[Excerpts from a dataset]
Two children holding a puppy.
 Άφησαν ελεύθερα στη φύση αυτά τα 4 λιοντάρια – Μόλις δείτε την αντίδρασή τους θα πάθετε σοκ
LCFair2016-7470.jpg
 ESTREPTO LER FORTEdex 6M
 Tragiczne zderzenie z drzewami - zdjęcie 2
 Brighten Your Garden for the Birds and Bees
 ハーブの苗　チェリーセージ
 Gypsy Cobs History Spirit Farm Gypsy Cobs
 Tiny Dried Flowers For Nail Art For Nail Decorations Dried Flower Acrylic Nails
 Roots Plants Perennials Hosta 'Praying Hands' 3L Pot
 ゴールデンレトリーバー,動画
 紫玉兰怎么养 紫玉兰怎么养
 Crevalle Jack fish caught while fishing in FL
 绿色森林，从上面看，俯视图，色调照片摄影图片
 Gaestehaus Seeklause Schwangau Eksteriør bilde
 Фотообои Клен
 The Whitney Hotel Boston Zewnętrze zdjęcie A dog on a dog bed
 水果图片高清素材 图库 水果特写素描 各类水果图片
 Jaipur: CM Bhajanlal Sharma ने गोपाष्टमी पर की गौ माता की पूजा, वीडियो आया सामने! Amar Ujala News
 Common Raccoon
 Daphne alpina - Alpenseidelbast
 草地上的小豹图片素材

• _ASSIGNMENT_:
All that is needed is the line containing "Gaestehaus Seeklause Schwangau" and each line after it to the end of the data above, set down exactly.

• _ANSWER AREA_:
 Gaestehaus Seeklause Schwangau Eksteriør bilde
 Фотообои Клен
 The Whitney Hotel Boston Zewnętrze zdjęcie A dog on a dog bed
 水果图片高清素材 图库 水果特写素描 各类水果图片
 Jaipur: CM Bhajanlal Sharma ने गोपाष्टमी पर की गौ माता की पूजा, वीडियो आया सामने! Amar Ujala News
 Common Raccoon
 Daphne alpina - Alpenseidelbast
 草地上的小豹图片素材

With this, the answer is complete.